## Task to carry out:
Your answer should be the lines from the start of the records through the line with "Kinsarvik Naturkost fra", copied word for word.

## Given records:
===

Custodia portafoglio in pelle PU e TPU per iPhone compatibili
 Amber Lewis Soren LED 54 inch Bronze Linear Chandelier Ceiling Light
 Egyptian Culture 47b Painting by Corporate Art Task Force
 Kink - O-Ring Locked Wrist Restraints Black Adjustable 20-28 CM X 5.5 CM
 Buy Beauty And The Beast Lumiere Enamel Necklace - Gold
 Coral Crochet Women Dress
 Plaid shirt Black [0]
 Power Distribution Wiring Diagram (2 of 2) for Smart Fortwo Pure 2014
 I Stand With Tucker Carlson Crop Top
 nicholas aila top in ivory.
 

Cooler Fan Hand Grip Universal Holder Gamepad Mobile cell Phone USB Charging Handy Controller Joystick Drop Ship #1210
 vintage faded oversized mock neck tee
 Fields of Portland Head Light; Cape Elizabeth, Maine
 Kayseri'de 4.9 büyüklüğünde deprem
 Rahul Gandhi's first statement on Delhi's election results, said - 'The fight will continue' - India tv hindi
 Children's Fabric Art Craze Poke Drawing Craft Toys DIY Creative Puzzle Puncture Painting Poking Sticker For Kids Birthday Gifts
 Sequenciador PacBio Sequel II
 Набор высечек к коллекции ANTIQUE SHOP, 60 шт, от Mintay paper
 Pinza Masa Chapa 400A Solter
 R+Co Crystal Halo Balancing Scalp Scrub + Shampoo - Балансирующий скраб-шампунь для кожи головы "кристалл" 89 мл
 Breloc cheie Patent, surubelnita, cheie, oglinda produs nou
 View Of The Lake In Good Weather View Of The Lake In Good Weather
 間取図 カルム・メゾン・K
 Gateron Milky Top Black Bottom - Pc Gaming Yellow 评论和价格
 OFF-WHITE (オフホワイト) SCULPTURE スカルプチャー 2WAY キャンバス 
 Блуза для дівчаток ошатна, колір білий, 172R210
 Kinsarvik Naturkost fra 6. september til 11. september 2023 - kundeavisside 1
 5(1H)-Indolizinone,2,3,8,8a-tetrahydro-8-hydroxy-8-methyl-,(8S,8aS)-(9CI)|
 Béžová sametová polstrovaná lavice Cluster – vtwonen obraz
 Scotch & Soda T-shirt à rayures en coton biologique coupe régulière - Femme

===

## Task solution:
Custodia portafoglio in pelle PU e TPU per iPhone compatibili
 Amber Lewis Soren LED 54 inch Bronze Linear Chandelier Ceiling Light
 Egyptian Culture 47b Painting by Corporate Art Task Force
 Kink - O-Ring Locked Wrist Restraints Black Adjustable 20-28 CM X 5.5 CM
 Buy Beauty And The Beast Lumiere Enamel Necklace - Gold
 Coral Crochet Women Dress
 Plaid shirt Black [0]
 Power Distribution Wiring Diagram (2 of 2) for Smart Fortwo Pure 2014
 I Stand With Tucker Carlson Crop Top
 nicholas aila top in ivory.
 

Cooler Fan Hand Grip Universal Holder Gamepad Mobile cell Phone USB Charging Handy Controller Joystick Drop Ship #1210
 vintage faded oversized mock neck tee
 Fields of Portland Head Light; Cape Elizabeth, Maine
 Kayseri'de 4.9 büyüklüğünde deprem
 Rahul Gandhi's first statement on Delhi's election results, said - 'The fight will continue' - India tv hindi
 Children's Fabric Art Craze Poke Drawing Craft Toys DIY Creative Puzzle Puncture Painting Poking Sticker For Kids Birthday Gifts
 Sequenciador PacBio Sequel II
 Набор высечек к коллекции ANTIQUE SHOP, 60 шт, от Mintay paper
 Pinza Masa Chapa 400A Solter
 R+Co Crystal Halo Balancing Scalp Scrub + Shampoo - Балансирующий скраб-шампунь для кожи головы "кристалл" 89 мл
 Breloc cheie Patent, surubelnita, cheie, oglinda produs nou
 View Of The Lake In Good Weather View Of The Lake In Good Weather
 間取図 カルム・メゾン・K
 Gateron Milky Top Black Bottom - Pc Gaming Yellow 评论和价格
 OFF-WHITE (オフホワイト) SCULPTURE スカルプチャー 2WAY キャンバス 
 Блуза для дівчаток ошатна, колір білий, 172R210
 Kinsarvik Naturkost fra 6. september til 11. september 2023 - kundeavisside 1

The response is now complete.